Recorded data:

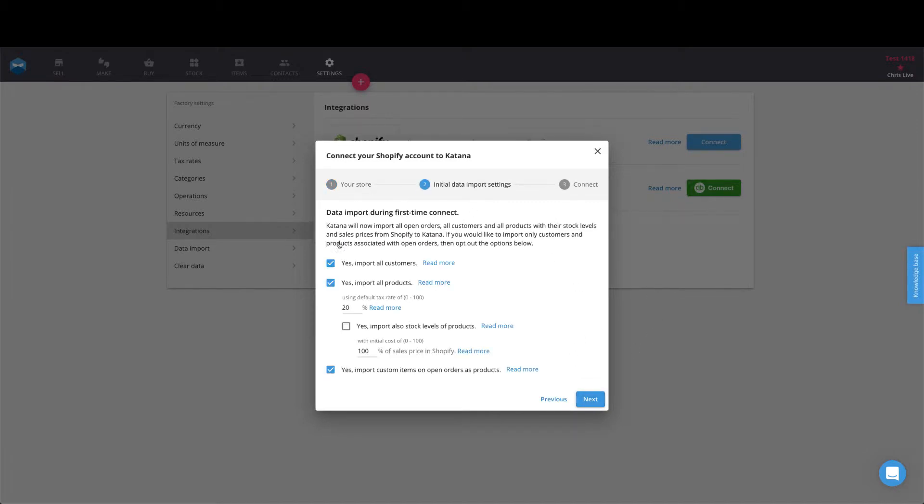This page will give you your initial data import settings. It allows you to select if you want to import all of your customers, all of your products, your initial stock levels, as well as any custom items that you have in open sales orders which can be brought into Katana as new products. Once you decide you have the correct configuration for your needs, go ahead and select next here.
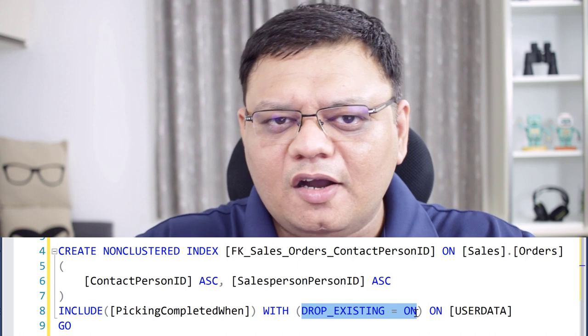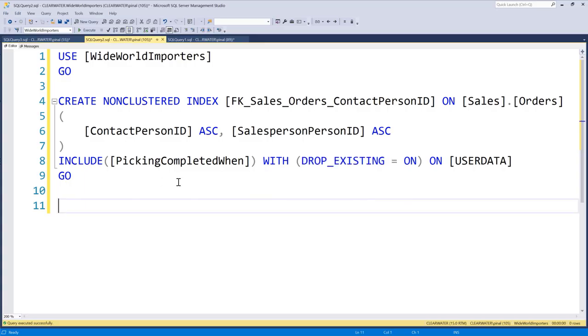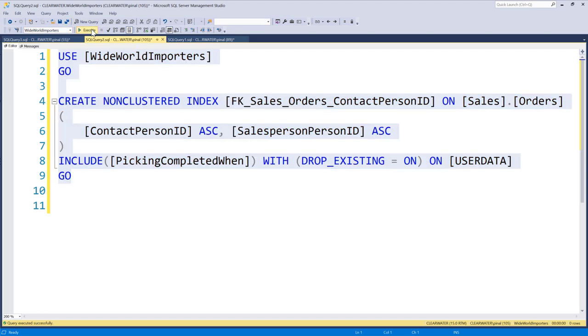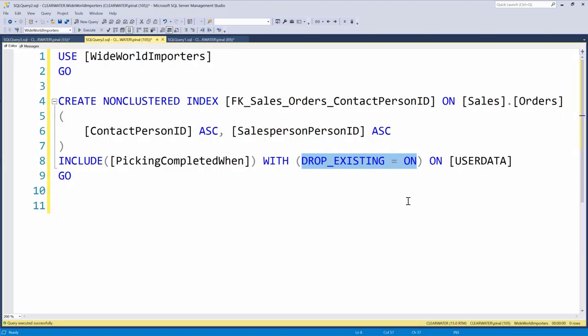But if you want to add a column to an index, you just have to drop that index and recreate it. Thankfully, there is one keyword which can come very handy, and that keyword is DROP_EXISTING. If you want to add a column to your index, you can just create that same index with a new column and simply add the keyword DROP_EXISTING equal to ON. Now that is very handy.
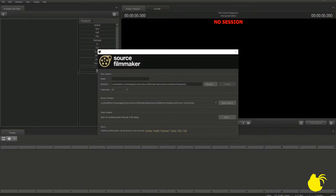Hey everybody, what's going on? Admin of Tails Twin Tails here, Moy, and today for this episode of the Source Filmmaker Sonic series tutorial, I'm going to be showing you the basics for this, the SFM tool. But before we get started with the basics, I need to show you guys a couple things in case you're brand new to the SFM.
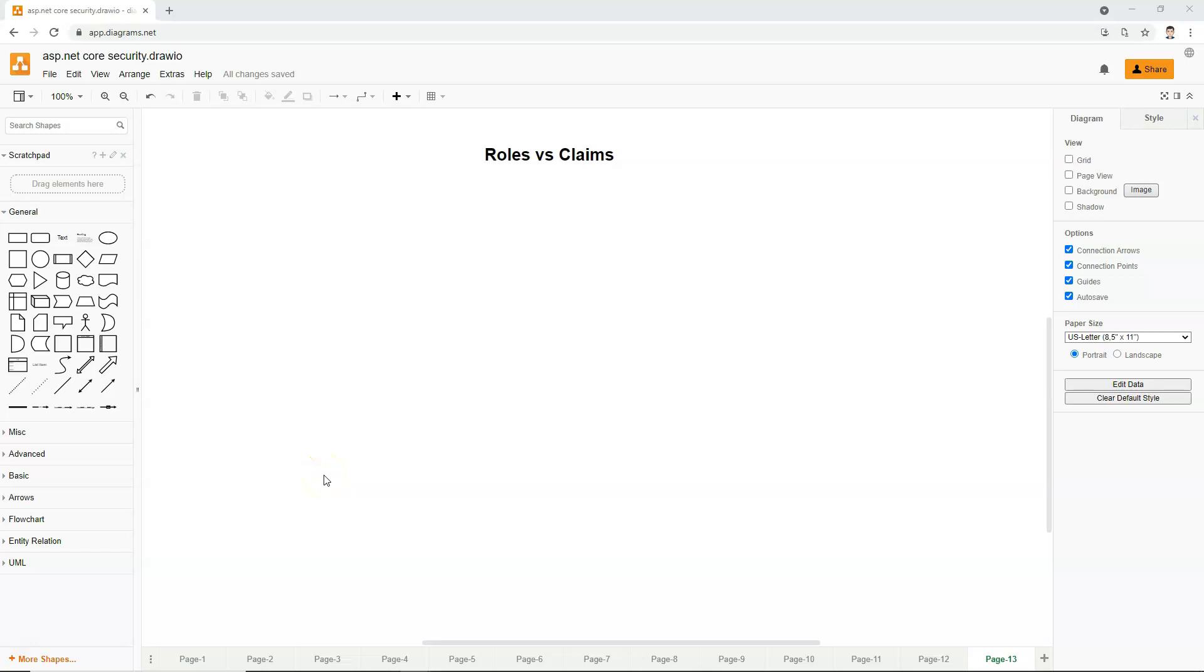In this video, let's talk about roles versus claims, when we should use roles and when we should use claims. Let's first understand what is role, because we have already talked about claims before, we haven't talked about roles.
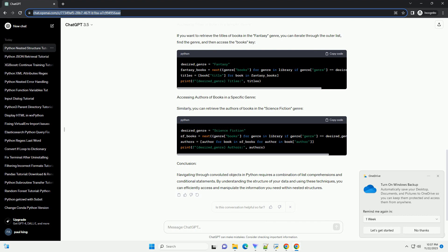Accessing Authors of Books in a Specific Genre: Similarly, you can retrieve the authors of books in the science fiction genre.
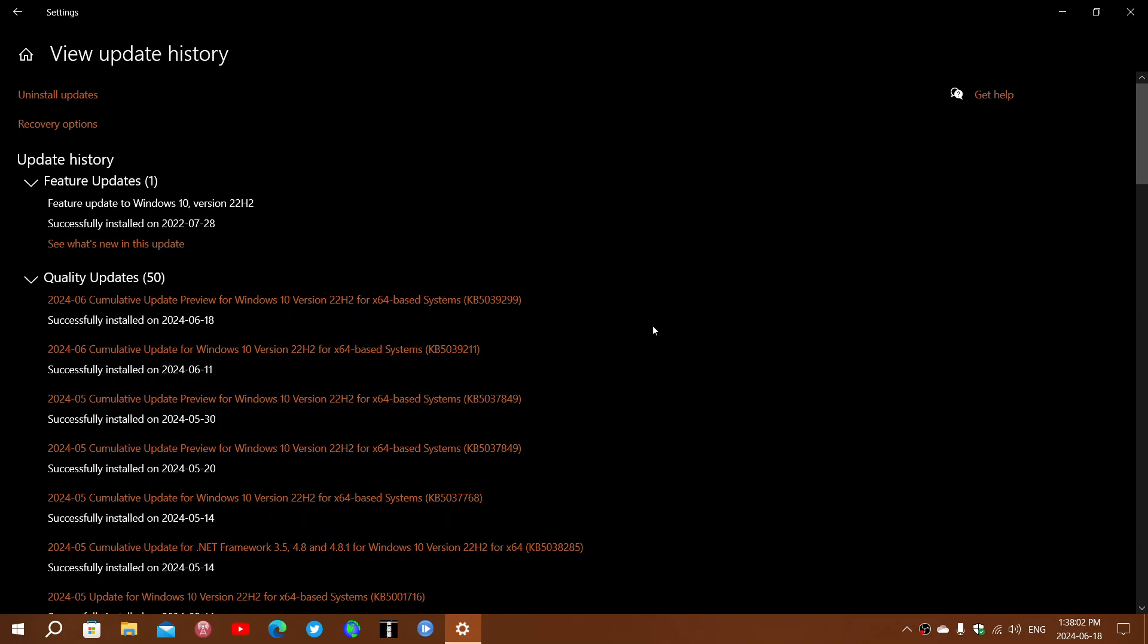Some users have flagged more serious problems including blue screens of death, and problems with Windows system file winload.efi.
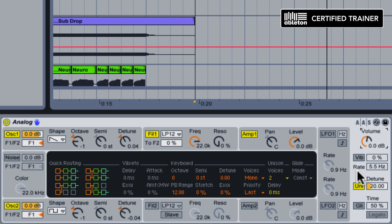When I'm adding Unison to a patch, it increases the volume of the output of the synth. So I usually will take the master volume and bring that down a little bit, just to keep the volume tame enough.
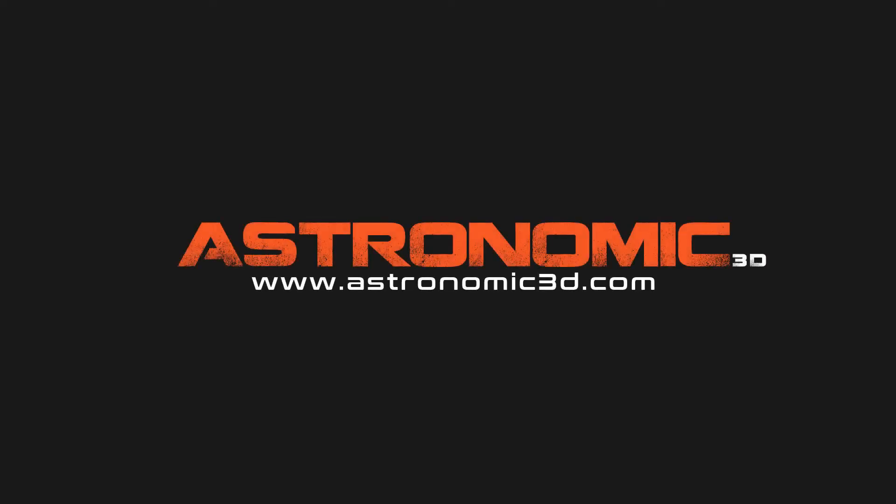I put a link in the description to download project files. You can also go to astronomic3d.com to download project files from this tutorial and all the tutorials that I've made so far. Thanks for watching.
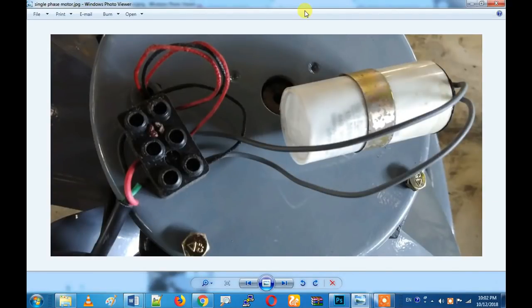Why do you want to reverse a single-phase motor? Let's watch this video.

PROBLEM DESCRIPTION: Once you find the line that contains "I put a link", give it again along with every later line through the end of the data, word for word, minus the pictures.

SOLVED PROBLEM:
I put a link in the description to download project files. You can also go to astronomic3d.com to download project files from this tutorial and all the tutorials that I've made so far. Thanks for watching.
Why do you want to reverse a single-phase motor? Let's watch this video.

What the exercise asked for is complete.